Following up on our first post on DB's Shariah Compliant Swap, we continue our discussion with details of the transaction, which apparently has been used by DIB to offer principal protected investments in some GSAM hedge fund (with GSAM it is a very lucky thing that the principal was protected!) (see article here). This has resulted in some sort of backlash (please see article here).

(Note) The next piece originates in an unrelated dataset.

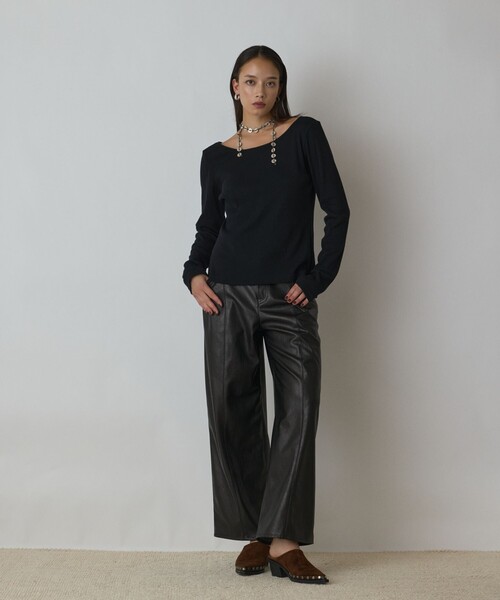 Diagram(ダイアグラム)の「ウールコットンテレコトップ(Tシャツ/カットソー・レディース・ブラウン/グレー/ブラック・36)」の7枚目の写真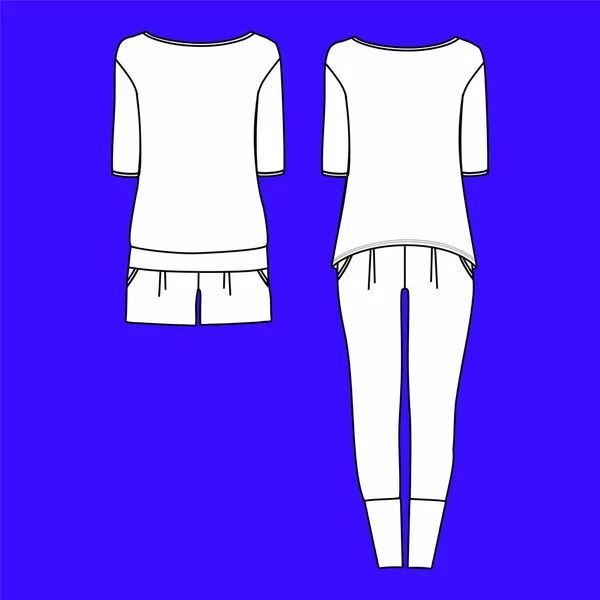 Женская одежда. В пижаме. шорты и топ. одежда . — стоковый вектор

Although DB's is just one of the many platforms being developed for the rapid issuance of new structured product, the question is whether DB's method (and perhaps some of the others) may be a step too far?

The Structure
A total return swap (the performance of a Shariah compliant asset A swapped for the performance of a non-Shariah compliant asset B) can be split into two outperformance options.
  • Party A (doing the investment in asset X - a shariah-compliant SICAV/Mutual fund) writes an outperformance option, giving the outperformance of asset X compared to asset Y to Party B - the primary DB entity
  • Party B writes an outperformance option giving the outperformance of asset Y compared to asset X to Party A
then this combination is the same economic result as a total return swap.

A wa’d (structured as a deed) seems natural in this structure. But, in order to be both compliant and binding but without a set price, cannot be bilateral or be offered for consideration. Therefore, we need a third Party.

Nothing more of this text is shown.